CONGRESSWOMAN ELISE STEFANIK
On Tuesday, May 21, 2013, the House is scheduled to consider H.R. 1412, the Improving Jobs Opportunities for Veterans Act of 2013,under a suspension of the rules. The bill was introduced on April 9, 2013 by Rep. Mike Coffman (R-CO) and referred to the Committee on Veterans Affairs, which held a mark-up and reported the bill by voice vote.
H.R. 1412 reduces the share on-the-job (OTJ) employers must pay of the full wage paid to veterans in on-the-job training programs from 85 percent to 75 percent for a four year period beginning one year after date of enactment.
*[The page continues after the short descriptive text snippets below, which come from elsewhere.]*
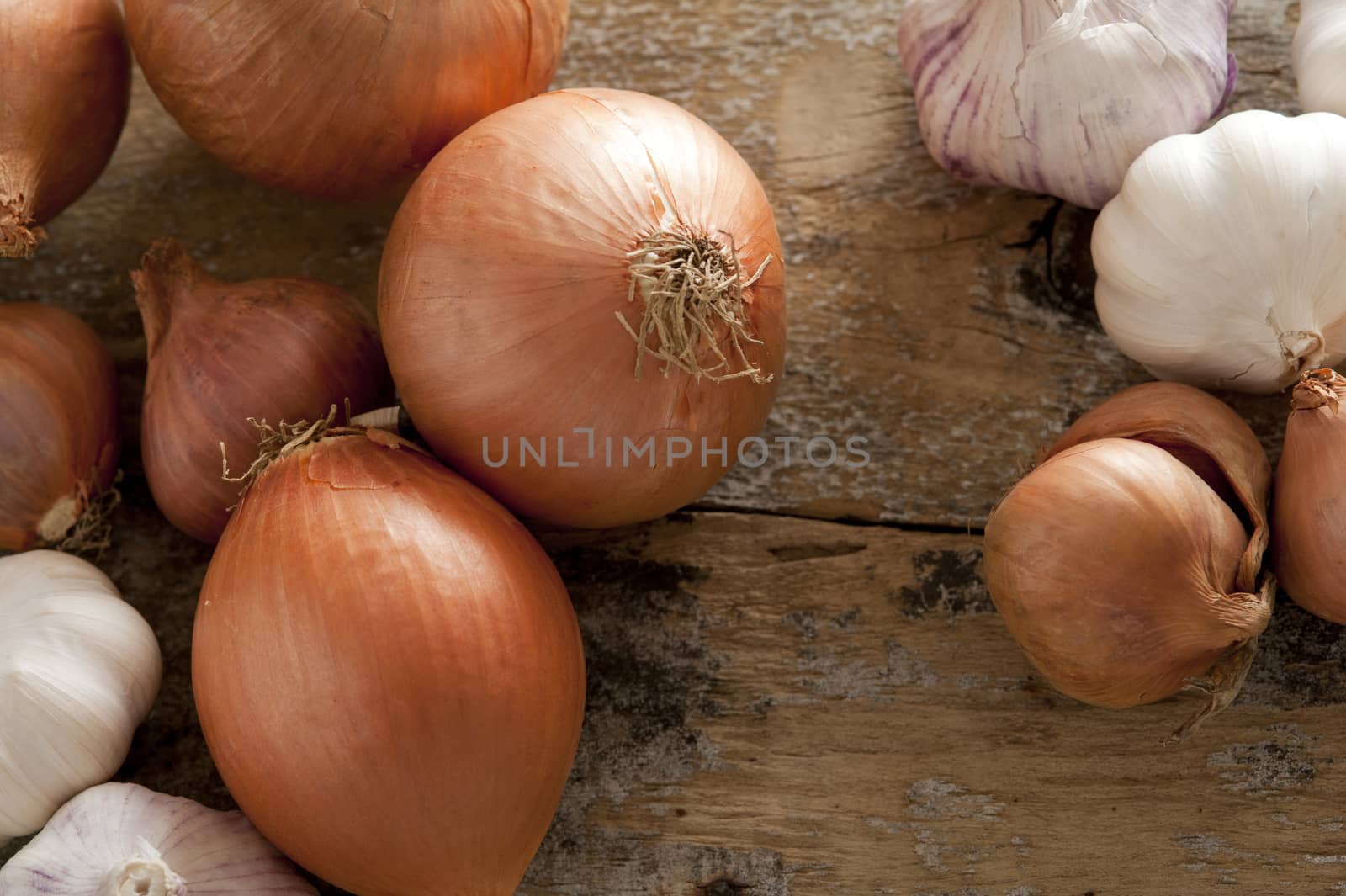 Fresh whole brown onions and garlic by stockarch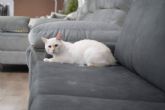 Sofs Valencia refuerza su catlogo con modelos anti aranazos adaptados a espacios con gatos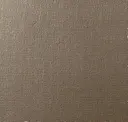 Iron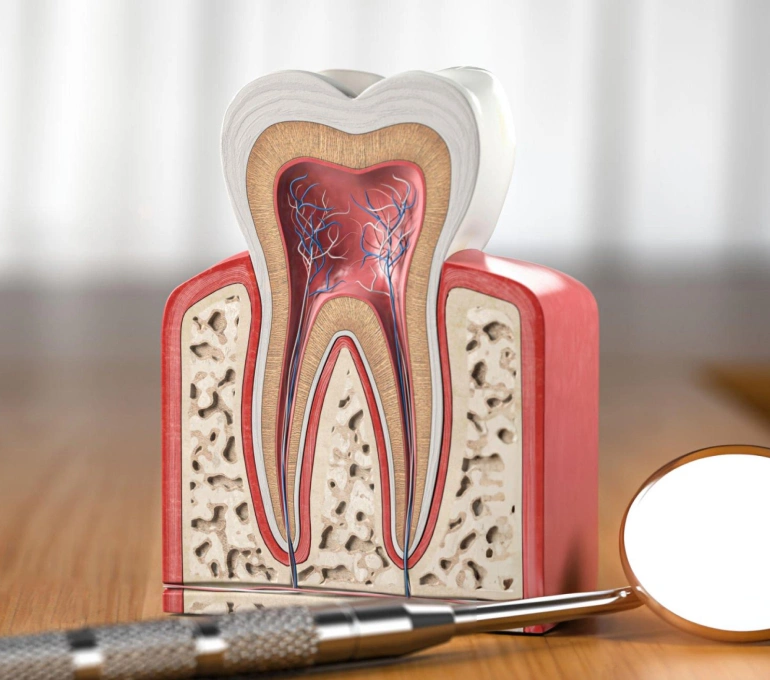 highly and effective procedure root canal surgery in chicago il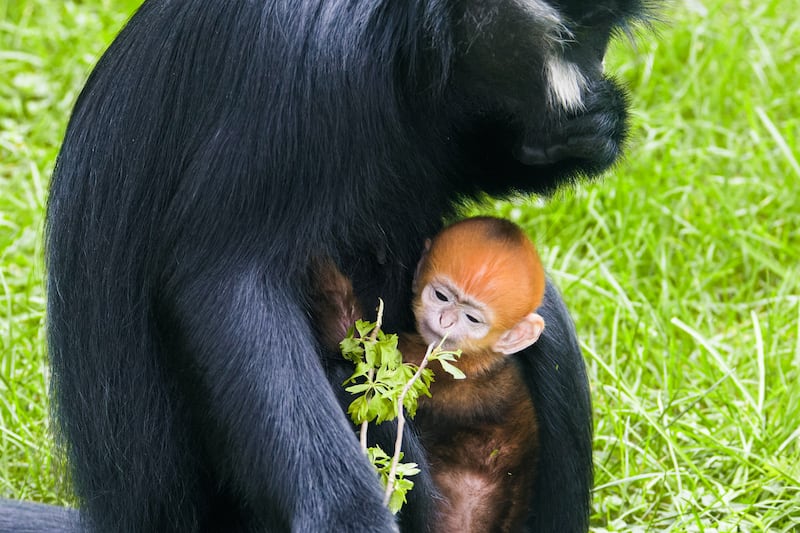 The Francois langur, native to China and north Vietnam, is listed as endangered by the International Union for Conservation of Nature Red List (Twycross Zoo)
Section 3 directs the Secretary to enter into agreements with other Federal departments and agencies to establish OTJ training programs for veterans, and Section 4 extends the cap on non-service-connected pension payments for an additional two months by changing the sunset date from November 30, 2016 to December 31, 2016.
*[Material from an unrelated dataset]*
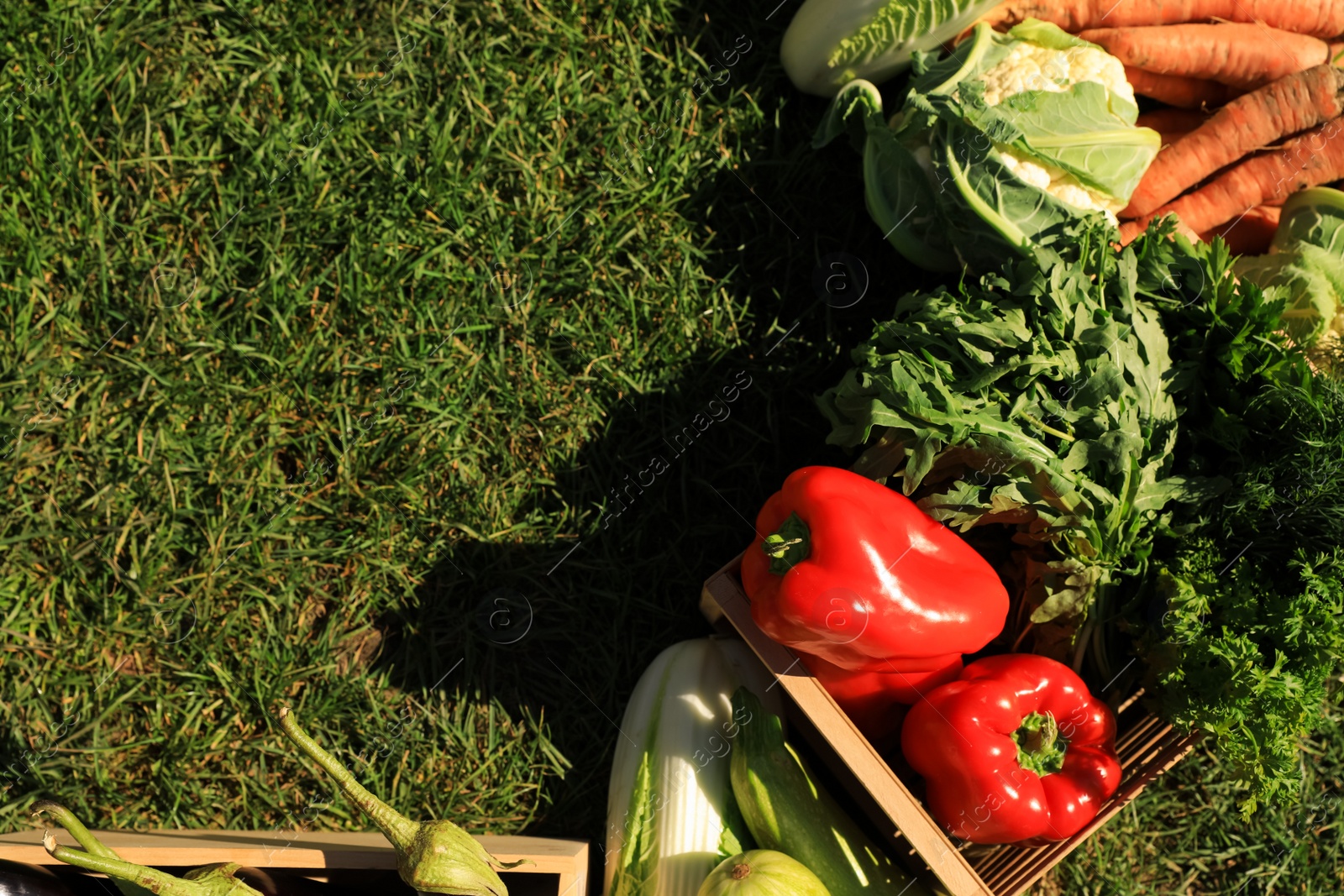 Photo of Different fresh ripe vegetables on green grass, flat lay. Space for text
In 1967, Congress passed the Veterans’ Pension and Readjustment Assistance Act of 1967, which established a program for on-the-job and apprentice training programs for veterans. The law set a requirement that employers must eventually pay 85 percent of the full wage for each job, while the VA would cover the rest. This requirement has limited the number of on-the-job training positions available to veterans. According to the Committee on Veterans Affairs, “representatives from State Approving Agencies relayed to the Committee that employers were reluctant to offer OJT programs because of the final 85 percent training wage requirement and suggested that if the percentage was lowered more employers would offer OJT opportunities for veterans.”
H.R. 1412 expands the availability of these positions by lowering the percent required of employers to 75 percent for a four year period beginning one year after enactment. To pay for the increase in the Department’s share, the bill also extends the cap on non-service-connected pensions for one month.
CBO estimates that H.R. 1412 would, “decrease direct spending by $14 million over the 2014-2018 period and by $12 million over the 2014-2023 period. Because the bill would affect direct spending, pay-as-you-go procedures apply.”